Directions: Produce a word-for-word copy of the listing below without its pictures.

Data shown:

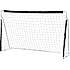 ASG fodboldmål i stål 240x150x90 cm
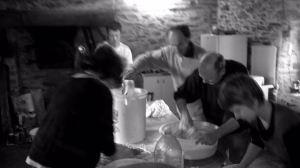 Du pain à la chataigne, au potiron, au blé germé…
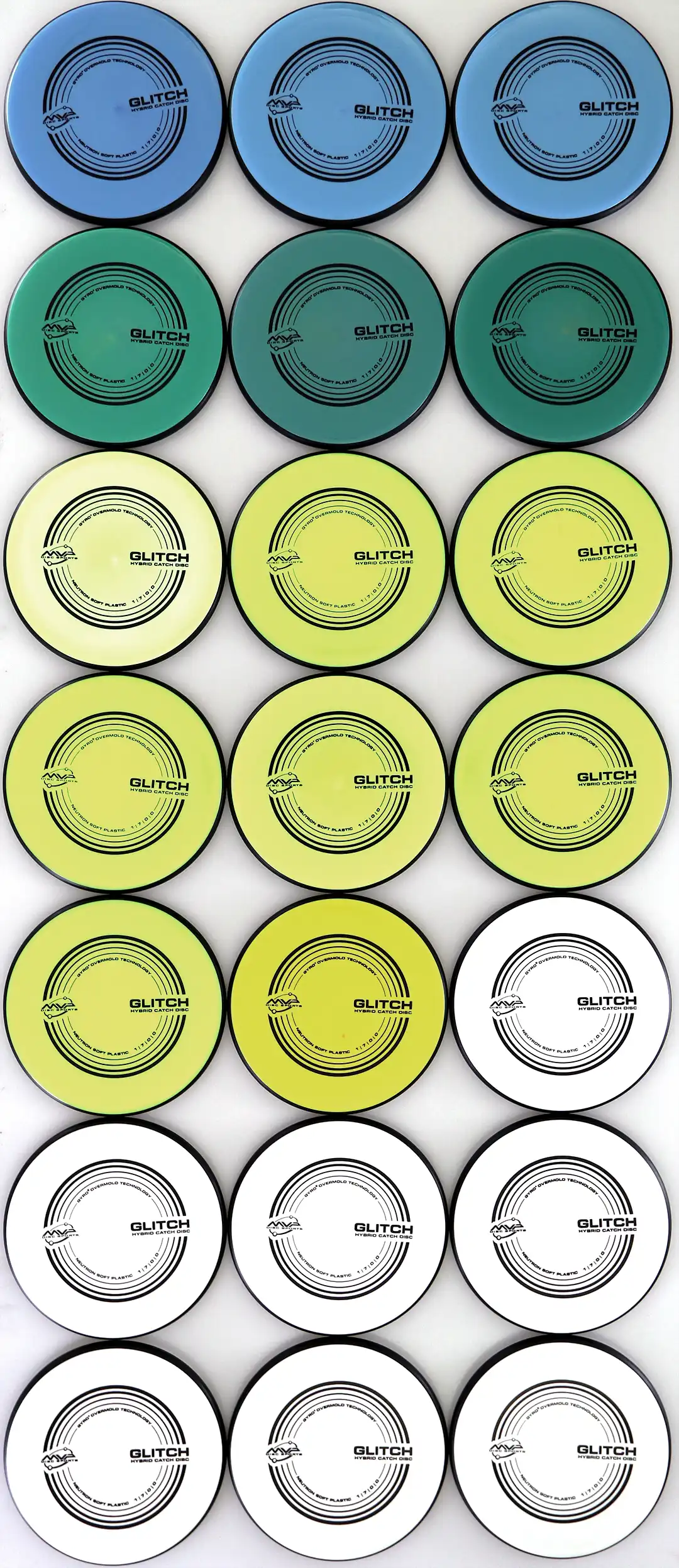 Click to Choose Disc!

Solved exercise:
 ASG fodboldmål i stål 240x150x90 cm
 Du pain à la chataigne, au potiron, au blé germé…
 Click to Choose Disc!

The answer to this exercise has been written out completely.